Treatment of Uterine Fibroids — Is Surgery Obsolete?

NEJM Volume 356:411-413
Togas Tulandi, M.D., M.H.C.M.

In the early 1990s, Jacques H. Ravina first applied the technique of embolization of uterine arteries to treat uterine fibroids in women at high risk for complications during surgery in an effort to control uterine bleeding. Embolization was then expanded for the treatment of patients who were undergoing myomectomy in order to decrease intraoperative bleeding. In 1993, Ravina and colleagues started using uterine-artery embolization as a primary treatment for uterine fibroids.

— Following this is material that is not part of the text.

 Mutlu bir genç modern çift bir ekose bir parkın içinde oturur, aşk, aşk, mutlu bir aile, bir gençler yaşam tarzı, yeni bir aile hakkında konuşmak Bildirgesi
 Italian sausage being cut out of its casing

Today, interventional radiologists worldwide perform uterine-artery embolization. Most of them embolize the uterine arteries bilaterally and not only the branch supplying blood to a particular fibroid (Figure 1). In observational studies, embolization has been followed by a significant reduction in uterine volume, a decrease in excessive uterine bleeding, a low rate of subsequent hysterectomy, and a high rate of sustained symptom control (up to 80%) 5 years after the procedure. However, comparisons of uterine-artery embolization with other treatments on the basis of observational data are limited by the inherent differences in women who are referred for one treatment instead of another.

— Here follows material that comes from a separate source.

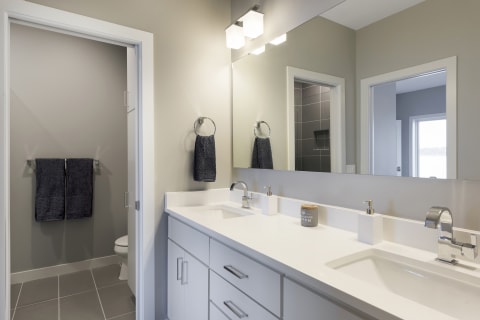 Interior view of a modern bathroom with a double sink and minimalist design.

In this issue of the Journal, Moss et al., writing for the Randomized Trial of Embolization versus Surgical Treatment for Fibroids (REST) Investigators, report on the results of a randomized, multicenter trial comparing uterine-artery embolization with abdominal surgery in women with symptomatic uterine fibroids. The investigators randomly assigned 106 women to undergo embolization and 51 to undergo surgery (including 43 hysterectomies and 8 myomectomies). On the basis of results on the Medical Outcomes Study 36-Item Short-Form General Health Survey questionnaire, they found no significant differences in the quality-of-life scores between the two groups at 1 year, although symptom scores were better in the surgical group at that follow-up assessment. Complication rates were similar at 1 year in the two groups, although the study was not powered to detect differences in these rates or to detect rare complications. Of note, complications generally occurred earlier in the surgical group (typically, at the time of surgery or soon after, as in the case of wound infections, which occurred in four patients). Aside from two patients who required immediate hysterectomy because the embolization procedure failed, most of the complications in the embolization group occurred after discharge from the hospital. However, as compared with the surgical group, the embolization group had the advantages of a significantly shorter hospital stay and a more rapid resumption of normal activities.

Do these results imply that surgery should be used only as a second-line treatment for uterine fibroids after uterine-artery embolization? Not necessarily. The answer varies with the clinical situation, including a patient's age, her treatment preference, her wish to conceive, and the type of surgery planned.

In two other randomized trials, uterine-artery embolization was compared with abdominal hysterectomy. Less invasive hysterectomies, such as laparoscopic and vaginal procedures, have not been compared directly with embolization. The latter approaches are associated with less pain, a shorter hospital stay, and faster recovery than is abdominal hysterectomy. Although the decision regarding the surgical approach depends mainly on the surgeon's skill and preference, laparoscopic and vaginal hysterectomies are expected to result in postoperative courses that resemble the aftermath of embolization more than that of laparotomy.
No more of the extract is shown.